Looks like this works! Now, let's map it to the entire series:

In [10]:
data['GeoRadians'] = map(to_radians,data['GeoLocations'])
data['GeoCartesian'] = map(to_cartesian, data['GeoRadians'])

#Now, let's average across all the dimensions by reducing:
geo_no_nan = data.loc[data['GeoCartesian'].isnull() == False]['GeoCartesian']

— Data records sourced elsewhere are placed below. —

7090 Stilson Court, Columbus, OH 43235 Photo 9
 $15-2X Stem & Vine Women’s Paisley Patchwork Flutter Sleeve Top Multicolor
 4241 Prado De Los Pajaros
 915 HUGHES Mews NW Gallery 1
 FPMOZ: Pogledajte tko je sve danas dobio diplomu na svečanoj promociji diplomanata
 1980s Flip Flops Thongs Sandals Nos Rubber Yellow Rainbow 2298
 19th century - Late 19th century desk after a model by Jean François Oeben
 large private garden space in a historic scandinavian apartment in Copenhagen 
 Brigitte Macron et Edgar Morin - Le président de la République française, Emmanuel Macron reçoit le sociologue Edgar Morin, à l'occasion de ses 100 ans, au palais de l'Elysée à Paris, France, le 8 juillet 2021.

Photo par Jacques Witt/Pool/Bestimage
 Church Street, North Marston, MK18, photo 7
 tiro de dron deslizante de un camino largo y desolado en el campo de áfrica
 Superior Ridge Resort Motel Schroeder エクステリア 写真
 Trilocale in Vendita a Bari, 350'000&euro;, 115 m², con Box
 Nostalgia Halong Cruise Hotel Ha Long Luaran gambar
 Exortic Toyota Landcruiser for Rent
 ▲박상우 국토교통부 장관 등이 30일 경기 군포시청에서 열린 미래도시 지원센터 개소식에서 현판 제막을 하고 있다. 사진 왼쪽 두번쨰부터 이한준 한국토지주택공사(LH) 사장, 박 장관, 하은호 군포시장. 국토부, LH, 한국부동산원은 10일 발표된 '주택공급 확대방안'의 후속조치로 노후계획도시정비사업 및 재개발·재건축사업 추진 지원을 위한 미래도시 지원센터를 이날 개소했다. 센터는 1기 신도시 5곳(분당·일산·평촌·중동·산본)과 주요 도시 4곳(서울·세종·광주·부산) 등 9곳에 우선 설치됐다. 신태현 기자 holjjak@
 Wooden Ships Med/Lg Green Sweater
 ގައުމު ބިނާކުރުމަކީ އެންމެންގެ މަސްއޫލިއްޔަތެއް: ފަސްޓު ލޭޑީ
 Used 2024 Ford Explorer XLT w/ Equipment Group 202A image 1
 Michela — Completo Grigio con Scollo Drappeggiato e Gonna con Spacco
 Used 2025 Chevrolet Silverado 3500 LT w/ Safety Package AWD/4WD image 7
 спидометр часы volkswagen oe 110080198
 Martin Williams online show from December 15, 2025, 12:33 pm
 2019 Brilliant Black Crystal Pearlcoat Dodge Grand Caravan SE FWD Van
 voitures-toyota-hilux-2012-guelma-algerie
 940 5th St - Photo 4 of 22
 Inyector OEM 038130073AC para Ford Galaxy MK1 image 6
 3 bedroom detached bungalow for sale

avgcoordinates = reduce(lambda x,y: (x[0] + y[0], x[1] + y[1], x[2] + y[2]), geo_no_nan)
print avgcoordinates
avgcoordinates = (avgcoordinates[0]/len(geo_no_nan), avgcoordinates[1]/len(geo_no_nan), avgcoordinates[2]/len(geo_no_nan))
print avgcoordinates
print to_latlong(avgcoordinates)
(1612.787448314339, -17961.012440354283, 33139.39424219098)
(0.036587737030724564, -0.40746398458154, 0.7518011397956211)
(61.43857821633736, -84.85795258473567)

This procedure says that the location where the average artifact is manufactured is in the Hudson Bay in Canada:

In [11]:
IFrame('''https://www.google.com/maps/embed?pb=!1m18!1m12!1m3!1d9892352.643336799!2d-98.04822081277437\
!3d59.40187990911089!2m3!1f0!2f0!3f0!3m2!1i1024!2i768!4f13.1!3m3!1m2!1s0x0%3A0x0!2zNjHCsDI2JzE4LjkiTiA\
4NMKwNTEnMjguNiJX!5e0!3m2!1sen!2sus!4v1462926074704''', width = 800, height = 600)
Out[11]:

This seems a little strange to me, and I'm definitely going to have to dig deeper in a future post, but I think my math is right, and perhaps I'm just visualizing this in my head wrongly.